**WHAT IS REQUIRED**
Omit every picture and return the rest of the data unaltered.
DATASET SECTION START
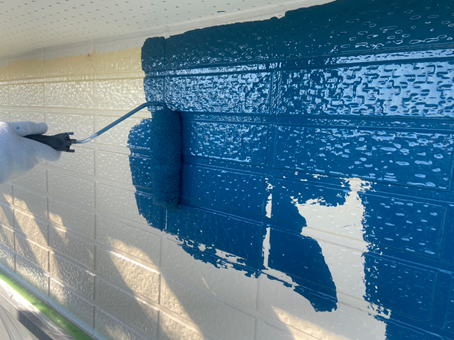 三島市屋根外壁塗装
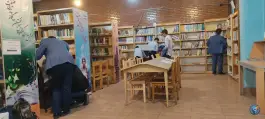 عکس دبیرستان ماندگار البرز؛ محله ولیعصر، تهران 10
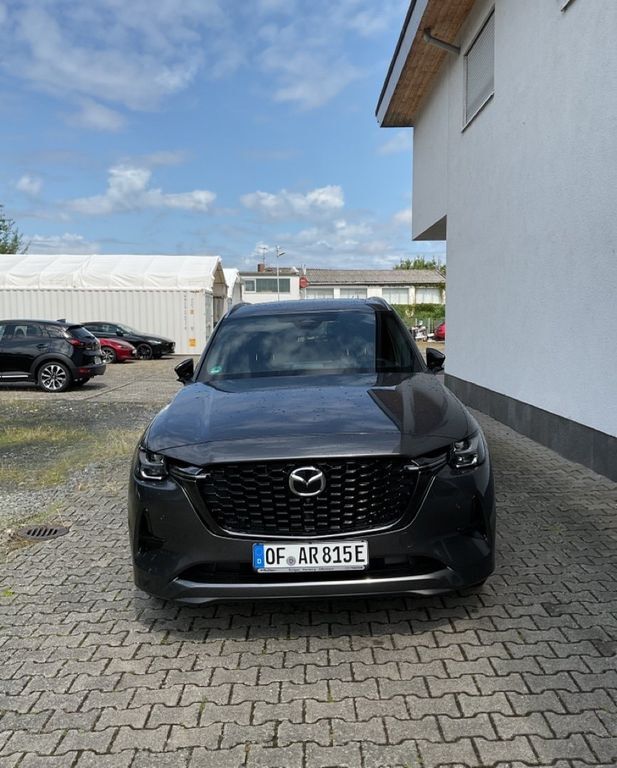 Mazda CX-80 5.000 km 53.769 € Rodgau 63110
DATASET SECTION END
**FINISHED TASK**
 三島市屋根外壁塗装
 عکس دبیرستان ماندگار البرز؛ محله ولیعصر، تهران 10
 Mazda CX-80 5.000 km 53.769 € Rodgau 63110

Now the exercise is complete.